Efficient Incremental SLAM via Information-Guided and Selective Optimization
Reza Arablouei
TL;DR
This paper addresses the challenge of achieving batch-level SLAM accuracy in a real-time incremental back-end. It introduces information-guided gating (IGG) to decide when to perform global optimization and selective partial optimization (SPO) to restrict GN iterations to the most affected variables, while preserving all measurements for global consistency. Theoretical analysis shows convergence to the same stationary point as full Gauss-Newton with the same local rates, and experiments demonstrate batch-level accuracy with substantial computation reductions, especially on large graphs. The approach enables scalable, real-time SLAM in data-rich environments and integrates smoothly with existing graph-based back-ends and libraries.
Abstract
We present an efficient incremental SLAM back-end that achieves the accuracy of full batch optimization while substantially reducing computational cost. The proposed approach combines two complementary ideas: information-guided gating (IGG) and selective partial optimization (SPO). IGG employs an information-theoretic criterion based on the log-determinant of the information matrix to quantify the contribution of new measurements, triggering global optimization only when a significant information gain is observed.
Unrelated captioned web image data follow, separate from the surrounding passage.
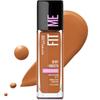 Maybelline New York Fit Me Dewy Plus Smooth Foundation Mocha 1 Fl Oz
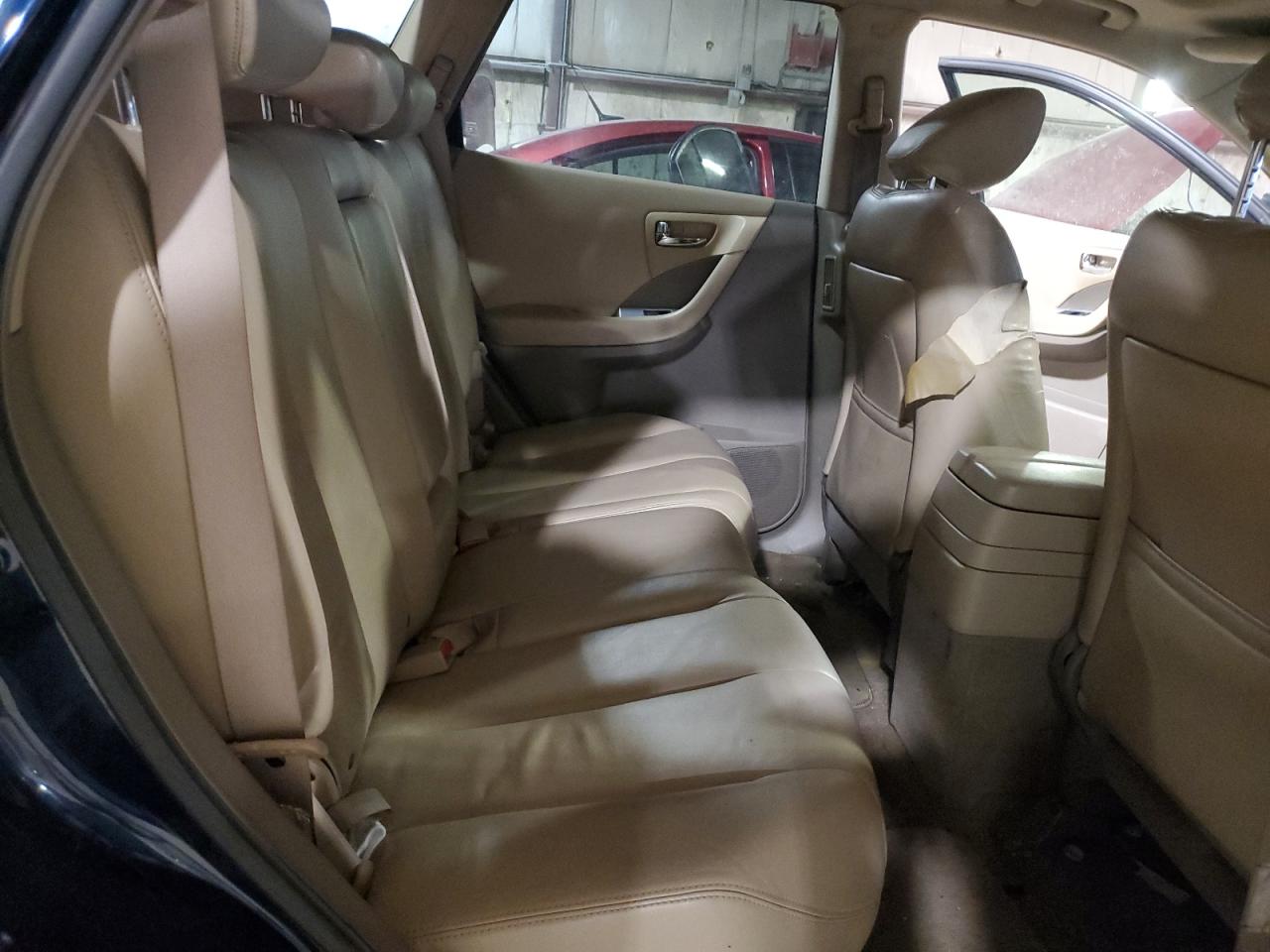 2006 Nissan Murano - Image 11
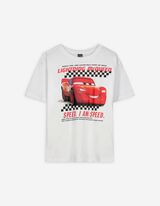 T-Shirt - weiß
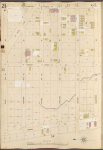 Bronx, V. A, Plate No. 21 [Map bounded by Olmstead Ave., Blackrock Ave., Virginia Ave., Ellis Ave.]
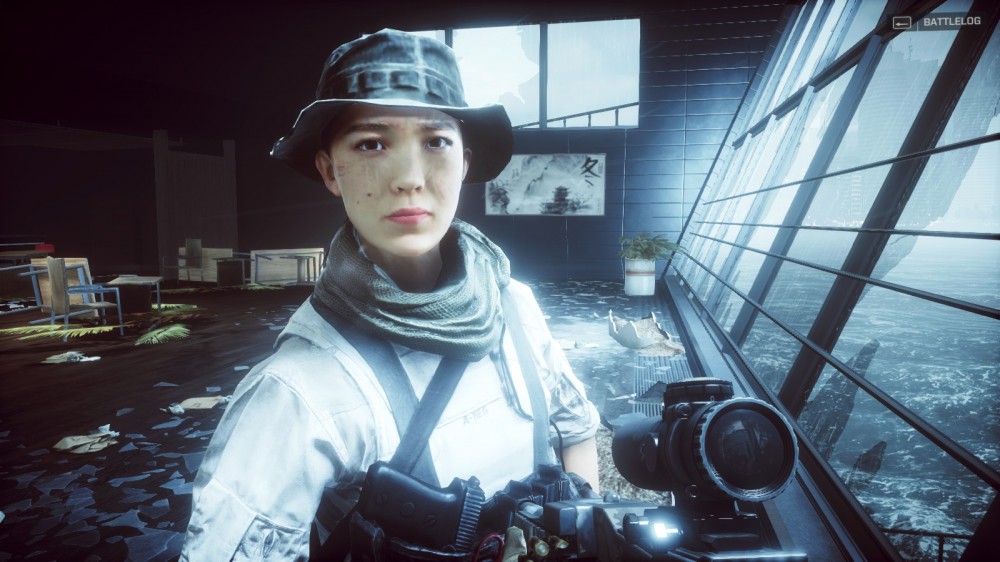 Battlefield 4
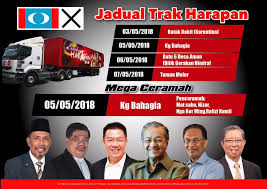 Ceramah kebangkitan rakyat pakatan harapan, putrajaya 03/05/2018 video game soldiers by twin musicom is. Teluk Intan Ceramah 3 5 18 Di Batak Pakatan Harapan Perak Facebook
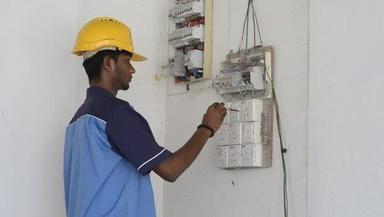 Home Electrical Switches Service Application: Home/ Residence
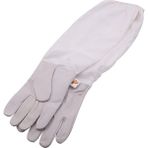 Luoditong Shop Beyaz Stil Xl Beden Arıcı Eldivenleri Koyun Derisi Nefes Alabilen Arıcılık Eldivenleri Arıcı Profesyonel Arıcılık Eldivenleri Deri Arıcılık Kolları ile (Yurt Dışından) - arıcılık malzemeleri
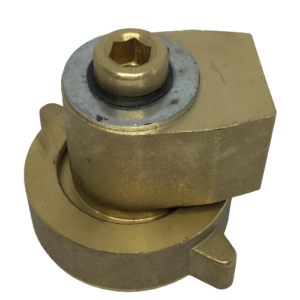 HOSE REEL SWIVEL
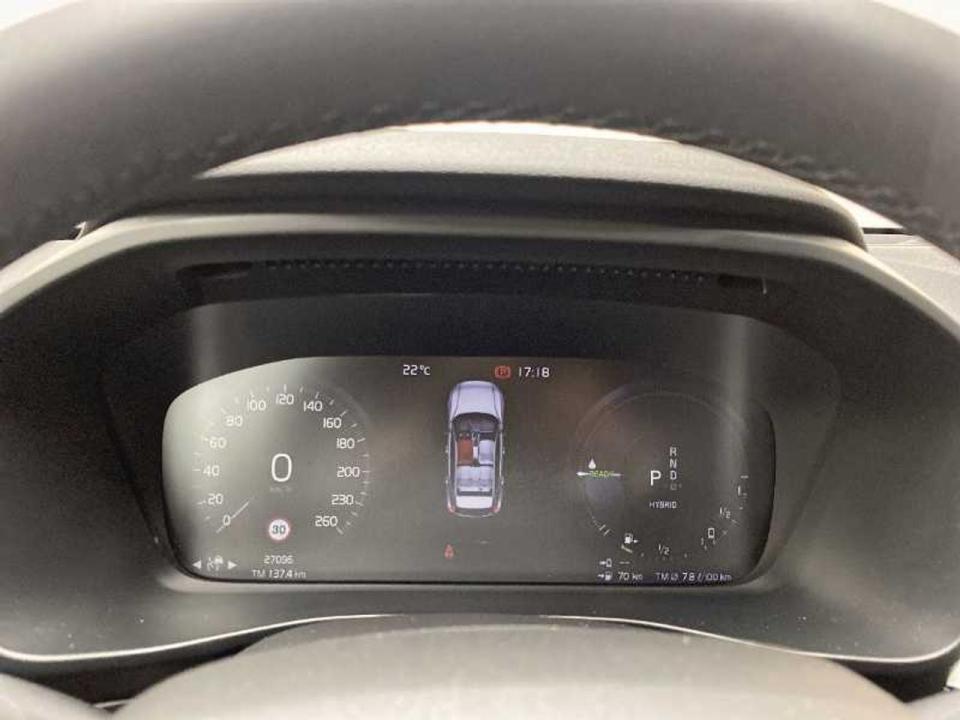 Volvo XC40 1.5 T4 Recharge PHEV Core Auto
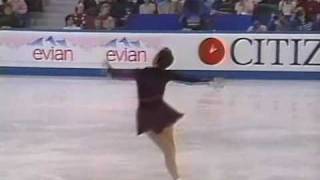 Lu Chen 1996 Worlds LP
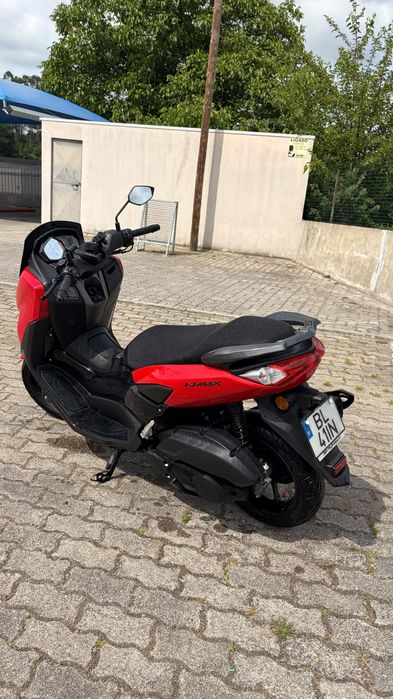 NMAX 2024                         .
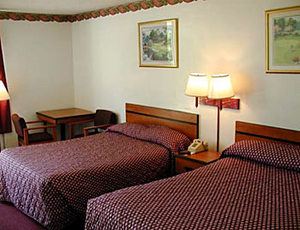 Knights Inn Summerton Santee::Hotels.com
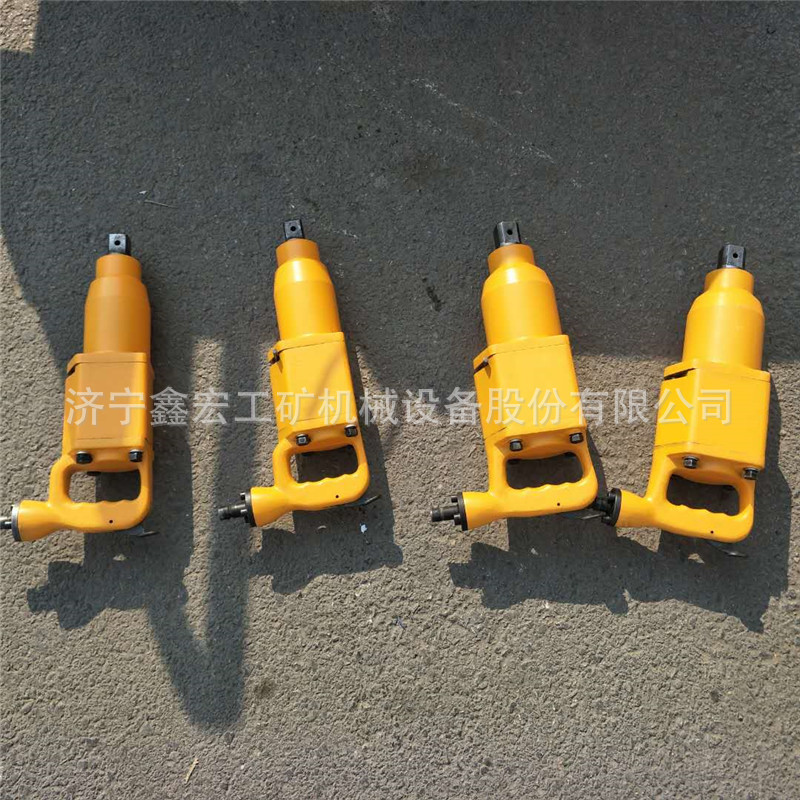 BE56扳手BE20气扳机BE30气动扳手济宁鑫宏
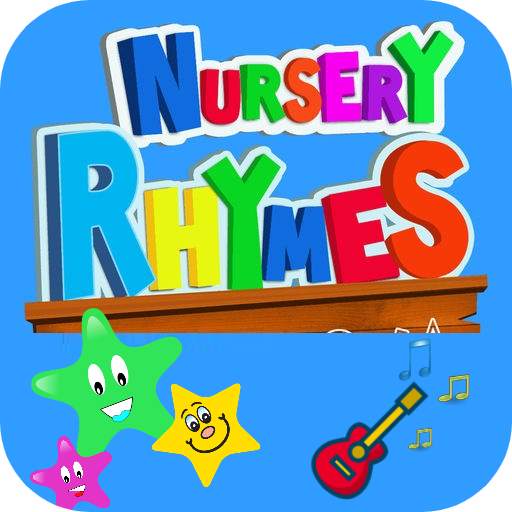 Nursery Rhymes & Baby Songs Free 5.1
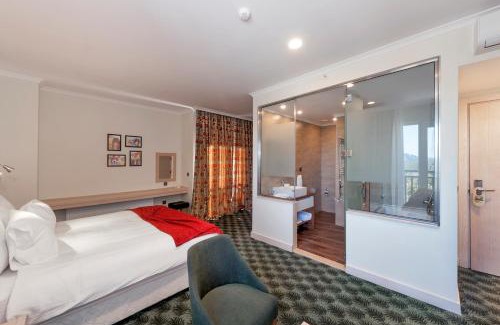 Aglasun Hotel | Sagalassos Lodge & Spa Hotel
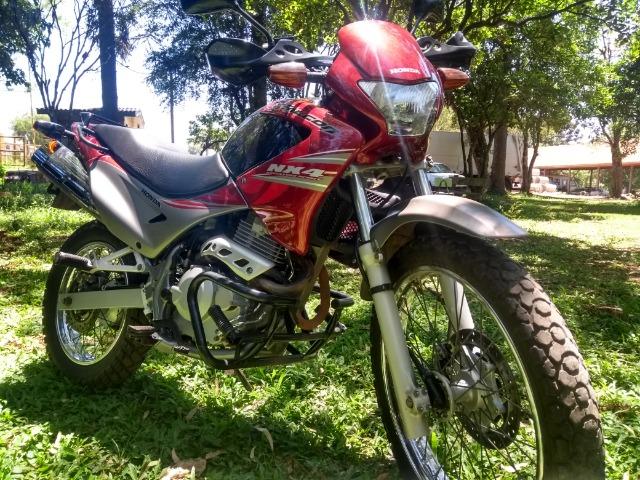 Moto falcon 400cc 54- * - Foto 3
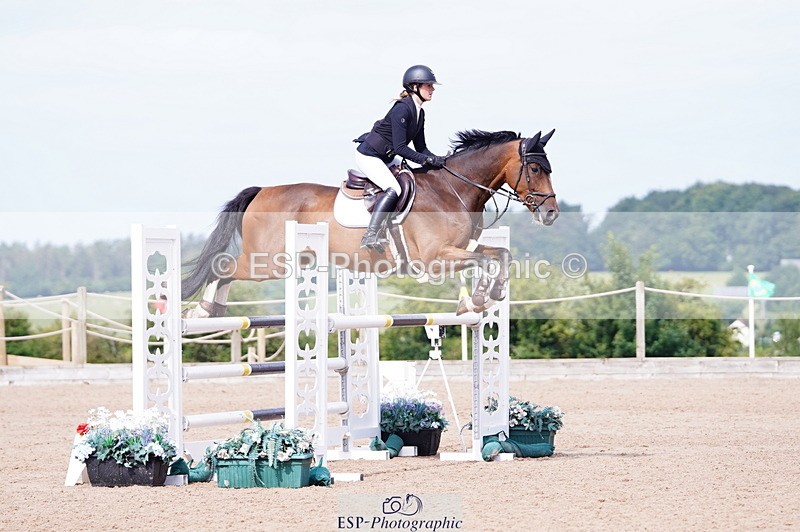 240803A-101126-07138 - Cls 29 Snr Foxhunter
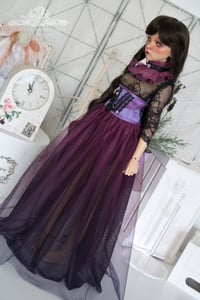 Image 1 of LIMITED - "Midnight" set for MissMarionette/Feeple60 girls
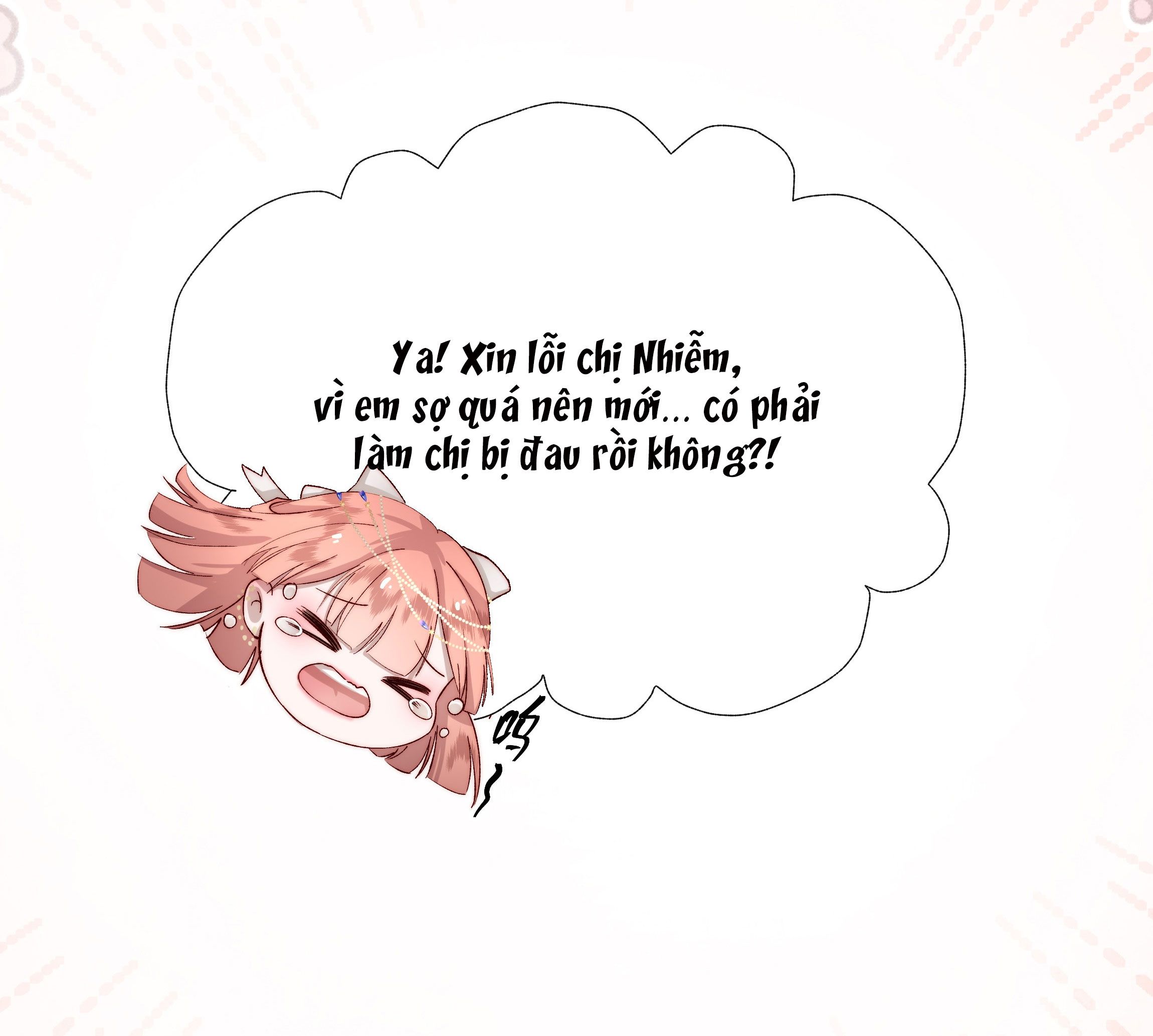 hot search phủ sóng! kẻ muốn buông xuôi như tôi nổi tiếng sau một đêm chapter 1.2 20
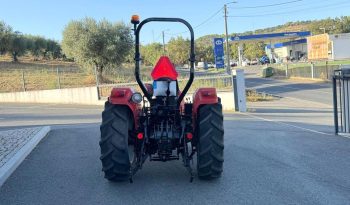 Massey-Ferguson 420 4RM cheio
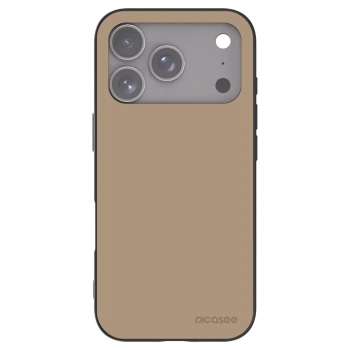 Maskica za Apple iPhone 18 Pro - Soft Sand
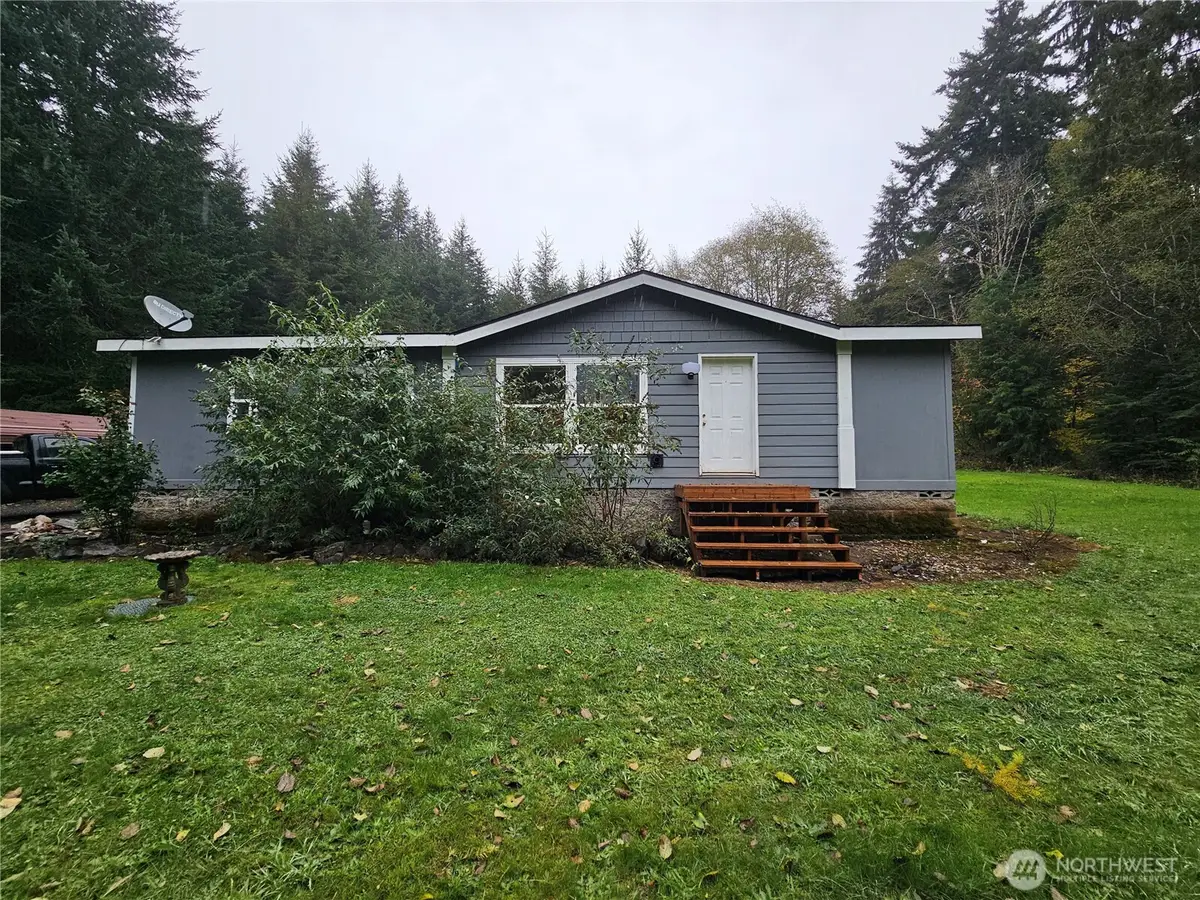 4341 Wishkah Road, Aberdeen, WA 98520 - #1
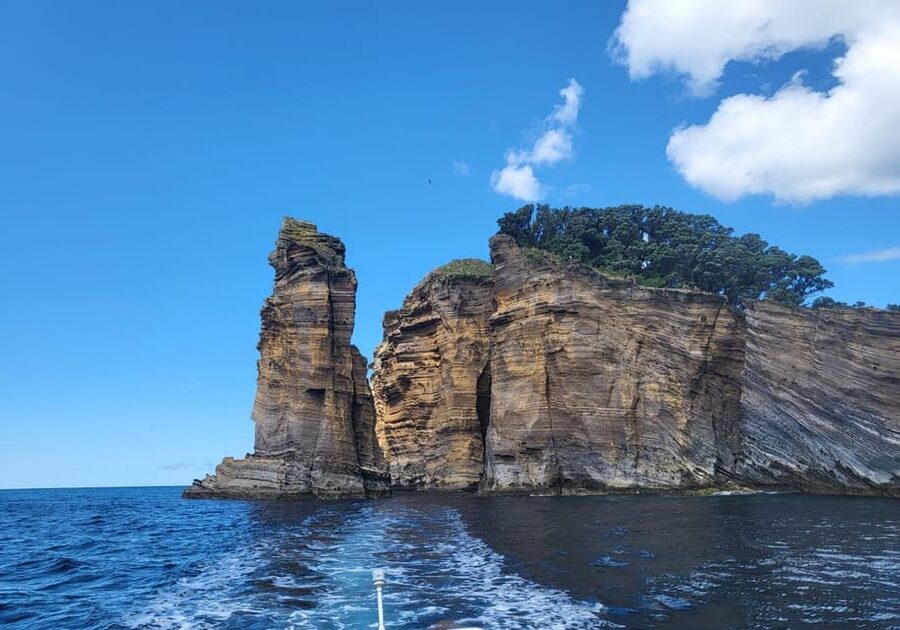 Islet Tour- Ilhéu de Vila Franca do Campo - Is $24 a fair price?
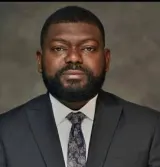 Mohammed Awwal Yunusa, Corporate / M&A Lawyer in Nigeria, The Metropolitan Law Firm
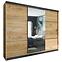 Schrank Retro 3 200 Goldkraft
This avoids unnecessary relinearization and factorization when incoming data provide little additional information. SPO executes multi-iteration Gauss-Newton (GN) updates but restricts each iteration to the subset of variables most affected by the new measurements, dynamically refining this active set until convergence. Together, these mechanisms retain all measurements to preserve global consistency while focusing computation on parts of the graph where it yields the greatest benefit. We provide theoretical analysis showing that the proposed approach maintains the convergence guarantees of full GN. Extensive experiments on benchmark SLAM datasets show that our approach consistently matches the estimation accuracy of batch solvers, while achieving significant computational savings compared to conventional incremental approaches. The results indicate that the proposed approach offers a principled balance between accuracy and efficiency, making it a robust and scalable solution for real-time operation in dynamic data-rich environments.